Both Yedidya and Eliav told me again and again how good the dance makes them feel, and how it not only gives them a way to move their very active selves, but also to try expand what they know with new moves. Even moves that might have seemed crazy when they first started.
Slowly it has started to seep in to their Jewish lives as well, with Yedidya reporting that breakin’ could be seen during the hakafot last Simchat Torah. Just a few weeks ago, breaking was on the bimah at a local shul’s Purim talent show. With breakin’ built on joy, Simchat Torah and Purim may be just the first of many Jewish celebrations that start to include the dance.

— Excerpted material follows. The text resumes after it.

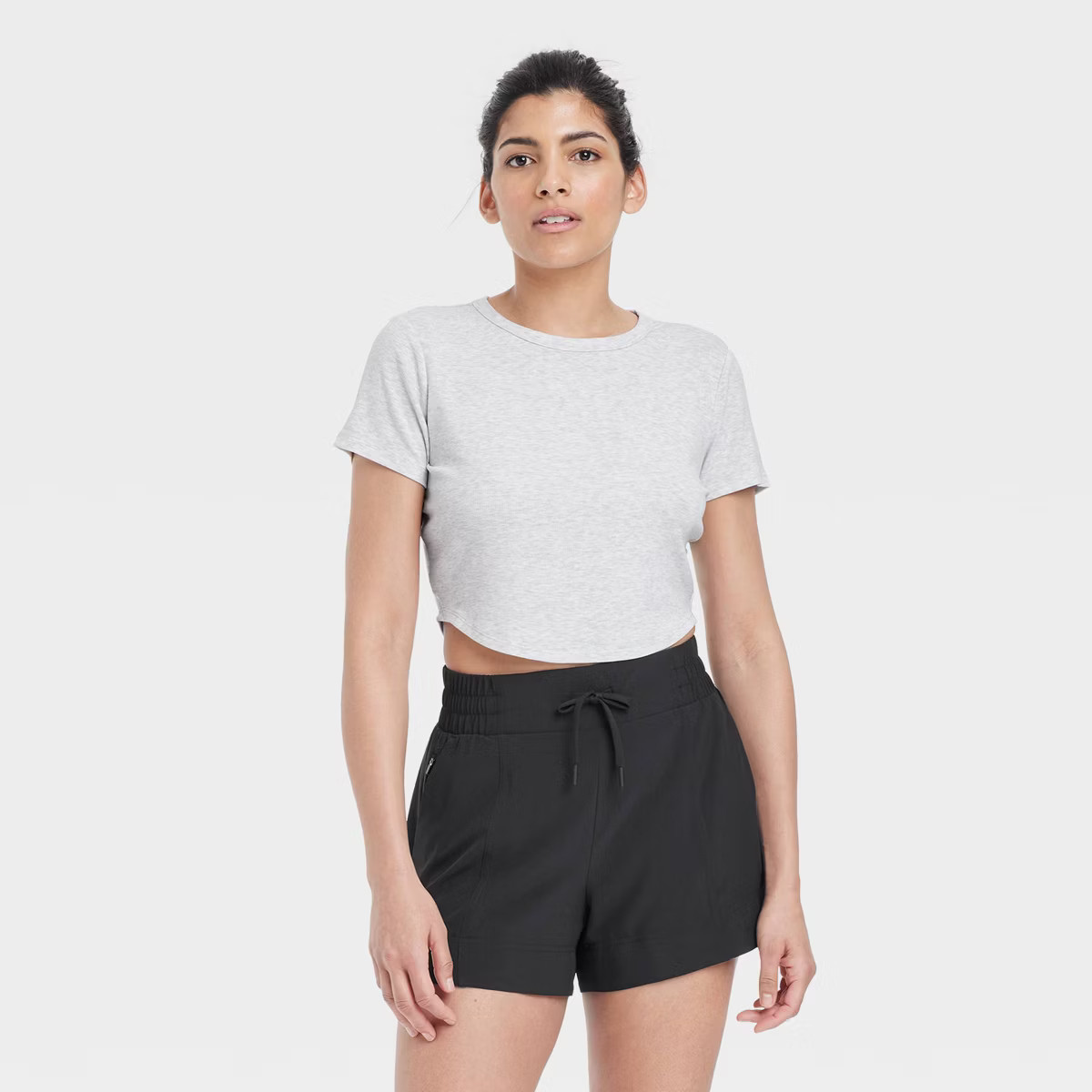 Women's Modal Rib Cropped Short Sleeve Shirt - All In Motion™ | Target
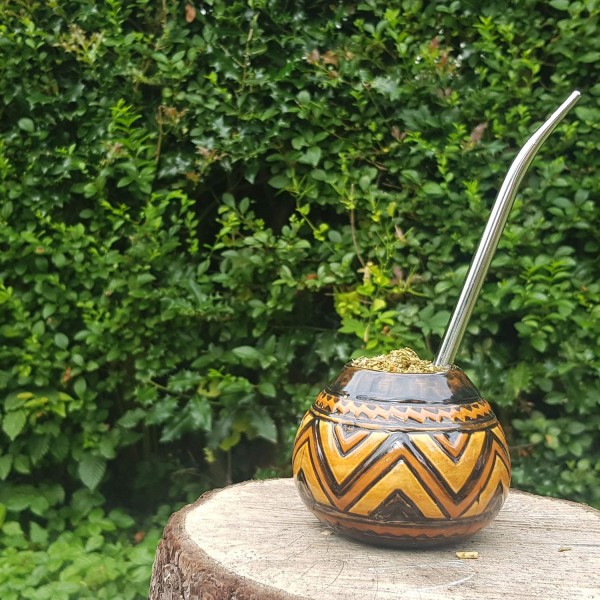 Gaucho Bruno Tribal Ceramic Yerba Mate Cup - 재사용 가능하고 간편한 세척 - 가정 및 여행용 Tribal Mate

No one can quite explain the gravitation of young Jews to the breakin’ scene in DC. Perhaps it is the adaptive nature of at least some parts of the Jewish community and the familiarity with interacting with, and occasionally integrating parts of, other cultures that makes this a natural connection. Or maybe it is something unique to The Lab DC’s approach that encourages individuality, but within a larger and more organized framework, that resonates, given how much of Jewish practice focuses on an individual’s approach to what appear on the surface to be a prescribed series of prayers and rituals.
Or the ultimate reflection of “ve-ahavata l’reicha kamocha.” The breaking studio or the “box” during a competition is a place where everyone claps along for each other, even while competing. You will often see dancers trying to show each other up, but all the while just as ready to be schooled when their turn is done.
Then again, it could just be that there is a group of young Jewish kids in DC who are realizing that there is a physical element to finding spiritual joy. As another 8 year-old B-boy, Adiv “Lightning Foot” Brooks-Rubin (full disclosure: my son) told me, “It’s just kind of cool that breaking is something I can feel in my heart. Maybe when it was starting out, it was just people moving their legs and feet, but it’s more now.”
Having watched my share of breaking classes and competitions now, I can only agree. I have watched Adiv grow in to himself through breaking, finding levels of creativity, curiosity, daring, and yes, a bit of swagger, that were hard to imagine before. The combination of athletic skill and artistic sensibility makes breaking a unique art form for kids who may be in to sports or the arts, or maybe who’ve never found their stride in either.
It’s a system that lets you be yourself, to put your own stamp on whatever you do, but always within a bigger collective of supportive and fun friends/competitors.
And as a parent, Jewish or not, that’s about all you can ask for.